Aim of the exercise: Beginning with the line below that contains "Borat, con una" and ending with the line that contains "949 S Euclid Avenue, Elmhurst, IL 60126", copy every line exactly. Copy nothing else.

Records provided:
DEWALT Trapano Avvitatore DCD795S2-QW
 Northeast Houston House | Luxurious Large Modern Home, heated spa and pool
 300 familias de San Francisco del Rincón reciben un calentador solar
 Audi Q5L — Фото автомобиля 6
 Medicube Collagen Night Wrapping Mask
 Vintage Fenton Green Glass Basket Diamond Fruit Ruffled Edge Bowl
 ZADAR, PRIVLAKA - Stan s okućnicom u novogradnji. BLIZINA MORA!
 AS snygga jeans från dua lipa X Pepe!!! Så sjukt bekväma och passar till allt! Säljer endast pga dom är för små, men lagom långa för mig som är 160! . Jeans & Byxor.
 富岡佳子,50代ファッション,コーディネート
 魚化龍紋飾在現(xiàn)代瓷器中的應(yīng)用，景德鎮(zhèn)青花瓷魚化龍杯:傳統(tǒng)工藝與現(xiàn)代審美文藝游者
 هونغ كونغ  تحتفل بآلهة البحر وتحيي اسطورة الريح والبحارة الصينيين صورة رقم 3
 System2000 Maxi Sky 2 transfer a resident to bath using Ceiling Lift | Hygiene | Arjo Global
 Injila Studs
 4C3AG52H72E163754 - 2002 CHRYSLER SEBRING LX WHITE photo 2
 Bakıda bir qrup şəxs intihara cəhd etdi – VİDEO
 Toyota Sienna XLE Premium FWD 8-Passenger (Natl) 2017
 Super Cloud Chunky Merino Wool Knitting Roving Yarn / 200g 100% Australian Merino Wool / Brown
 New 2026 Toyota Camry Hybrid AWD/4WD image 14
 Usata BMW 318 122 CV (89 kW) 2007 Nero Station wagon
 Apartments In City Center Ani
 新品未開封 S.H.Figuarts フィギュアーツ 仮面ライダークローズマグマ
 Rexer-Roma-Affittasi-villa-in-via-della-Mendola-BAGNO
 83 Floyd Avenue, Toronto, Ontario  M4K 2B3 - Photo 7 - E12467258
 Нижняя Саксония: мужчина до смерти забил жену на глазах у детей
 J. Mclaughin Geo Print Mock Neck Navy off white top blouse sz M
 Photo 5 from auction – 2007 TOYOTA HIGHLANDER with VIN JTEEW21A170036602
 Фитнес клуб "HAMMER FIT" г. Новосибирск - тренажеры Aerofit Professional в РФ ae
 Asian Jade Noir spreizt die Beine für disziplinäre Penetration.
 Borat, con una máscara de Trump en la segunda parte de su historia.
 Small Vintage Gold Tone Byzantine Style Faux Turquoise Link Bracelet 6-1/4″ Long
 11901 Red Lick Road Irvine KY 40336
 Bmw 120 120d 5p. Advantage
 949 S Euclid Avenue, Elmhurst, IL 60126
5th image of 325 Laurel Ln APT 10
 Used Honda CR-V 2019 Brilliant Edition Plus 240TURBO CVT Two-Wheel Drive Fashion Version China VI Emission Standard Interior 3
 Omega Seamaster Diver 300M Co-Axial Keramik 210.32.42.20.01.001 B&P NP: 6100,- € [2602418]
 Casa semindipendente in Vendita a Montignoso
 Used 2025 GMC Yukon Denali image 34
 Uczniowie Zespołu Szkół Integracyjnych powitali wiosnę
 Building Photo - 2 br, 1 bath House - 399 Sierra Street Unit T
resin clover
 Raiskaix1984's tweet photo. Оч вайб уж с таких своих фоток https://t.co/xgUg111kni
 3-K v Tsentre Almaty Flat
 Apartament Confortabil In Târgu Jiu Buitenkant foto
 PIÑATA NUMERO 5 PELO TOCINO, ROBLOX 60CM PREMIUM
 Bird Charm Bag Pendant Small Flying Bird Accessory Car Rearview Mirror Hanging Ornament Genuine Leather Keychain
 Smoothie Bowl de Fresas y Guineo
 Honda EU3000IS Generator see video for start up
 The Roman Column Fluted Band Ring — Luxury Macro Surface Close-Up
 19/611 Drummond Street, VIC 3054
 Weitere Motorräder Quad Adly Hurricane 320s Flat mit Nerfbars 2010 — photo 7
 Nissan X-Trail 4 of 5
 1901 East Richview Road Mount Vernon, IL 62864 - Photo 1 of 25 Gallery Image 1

Solution to this task:
 Borat, con una máscara de Trump en la segunda parte de su historia.
 Small Vintage Gold Tone Byzantine Style Faux Turquoise Link Bracelet 6-1/4″ Long
 11901 Red Lick Road Irvine KY 40336
 Bmw 120 120d 5p. Advantage
 949 S Euclid Avenue, Elmhurst, IL 60126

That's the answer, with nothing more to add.